Salon National de la Mode...
Reference: | S1686 |
Author | Auguste Roedel |
Year: | 1900 |
Measures: | 290 x 395 mm |
Reference: | S1686 |
Author | Auguste Roedel |
Year: | 1900 |
Measures: | 290 x 395 mm |
Description
Lithograph printed in color on tissue paper, in very good condition. Table n° 235 of the fifth annual volume (1900) of Les Maîtres de l'affiche.

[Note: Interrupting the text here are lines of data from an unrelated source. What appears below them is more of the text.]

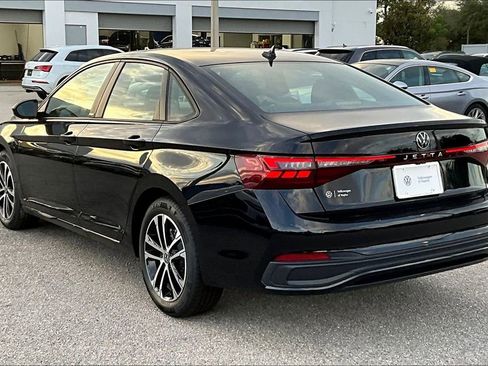 New 2026 Volkswagen Jetta Sport FWD image 7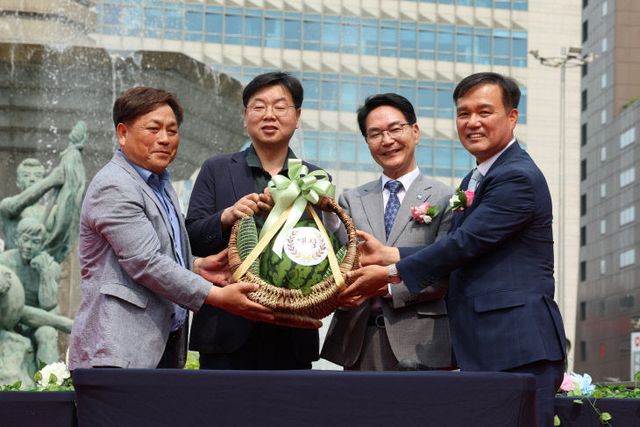 출시 기념식(2)_대상수박(박형남 수박농가)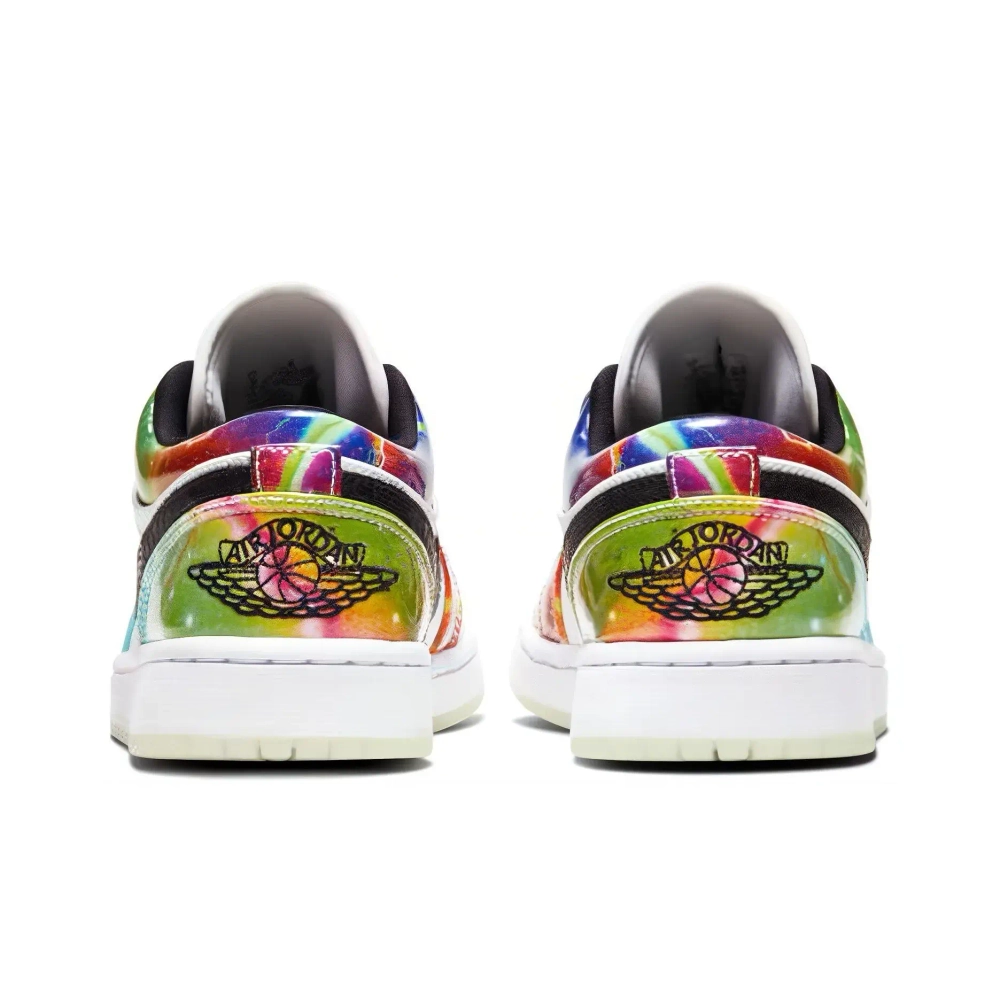 Женские кроссовки Air Jordan 1 Low 'Galaxy' CW7310-909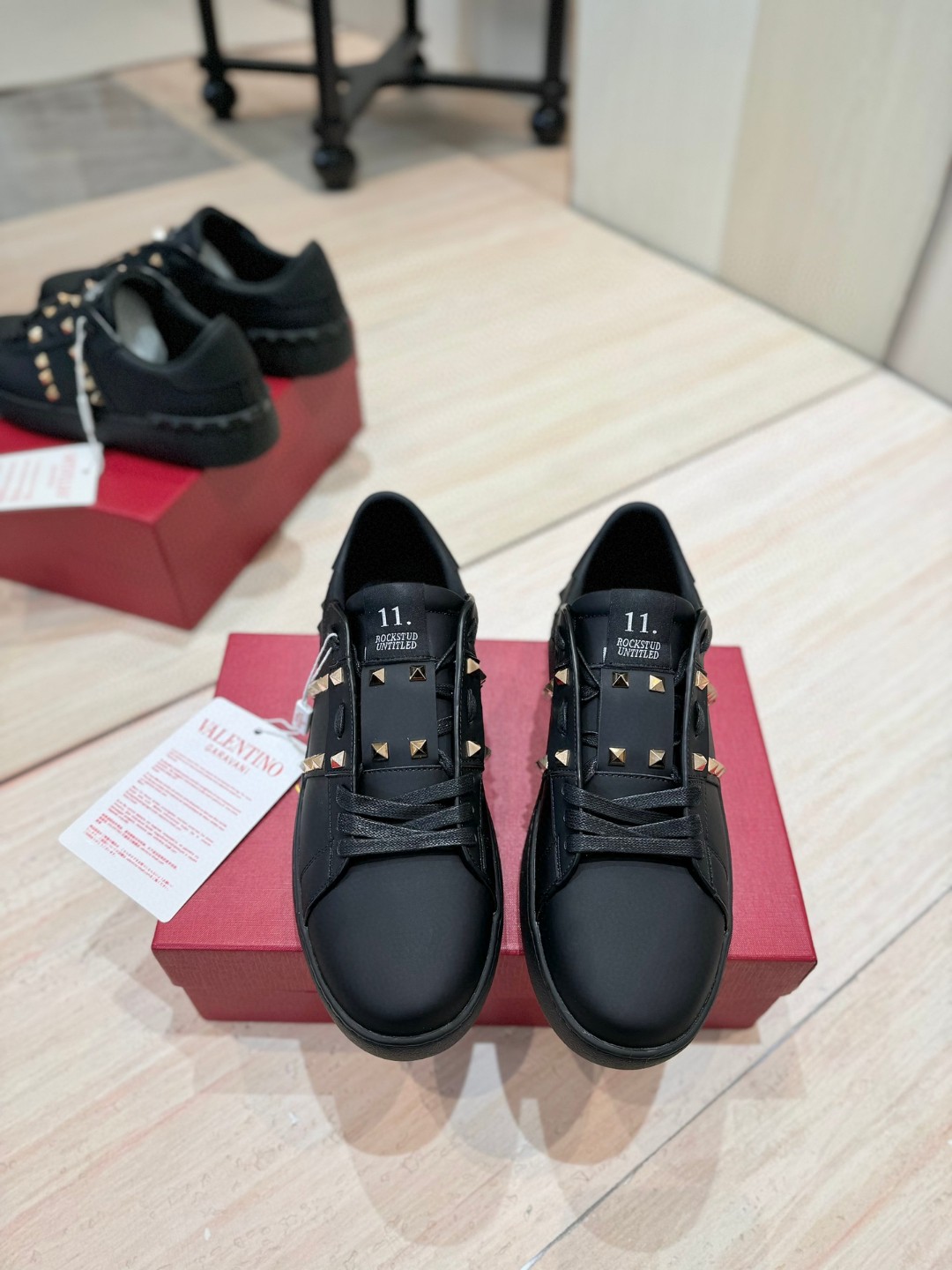 靴? ヴァレンティノ スニーカー/レースアップ 男女兼着?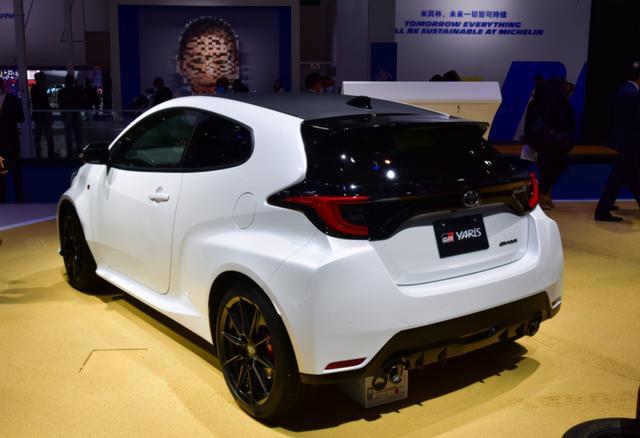 丰田YARiS L 致炫 这个也是致炫吗？后面一样，前脸雷凌。是不是国内下一代致炫X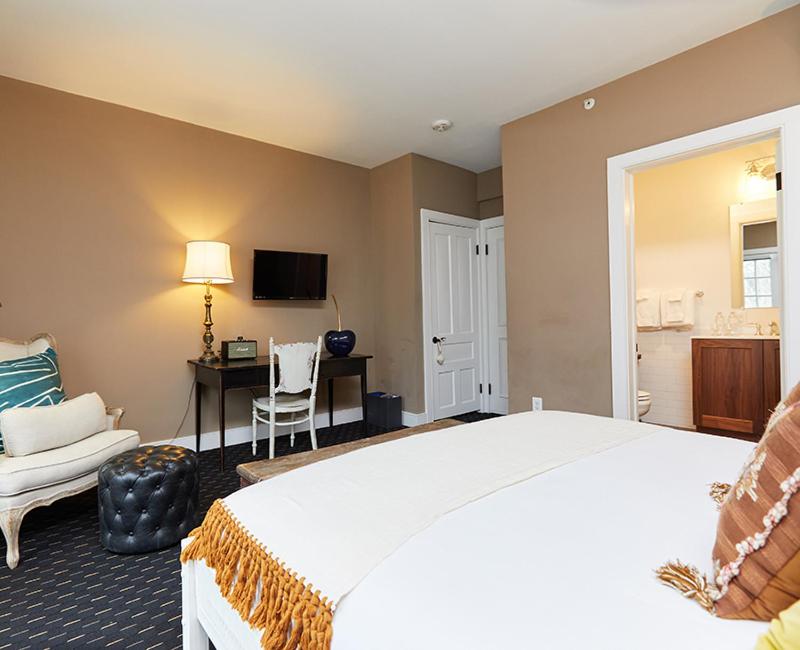 | Shelter Harbor Inn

Composition created for the 1896 fashion show by Auguste Roedel.
Proof with the embossed stamp of Les Maîtres de l'affiche in the lower right corner (Lugt: L.1777c), signed in the plate, printed at Chaix (Ateliers Chéret) rue Bergère in Paris.
Les Maîtres de l'affiche is a monthly French publication printed in France between December 1895 and November 1900. The idea to create the magazine is of Jules Chéret, at the time artistic director of Chaix, a printing house located in Paris at 20 rue Bergère. Each issue includes four posters reproduced using the technique of chromolithography. Each copy had an embossed stamp of authentication. The sale price was 2.50 francs per issue, while a subscription cost 27 francs. There was also a luxury edition on Japan printed in 100 copies and sold for 80 francs for 12 issues.
In January 1897, a first volume was put on sale that included all the affiches published the previous year; the publication had a preface signed by Roger Marx and had a format created by Jean Engel based on a project by Paul Berthon. Until January 1901, the date of the magazine's closure, a total of five volumes were produced, with 97 artists involved.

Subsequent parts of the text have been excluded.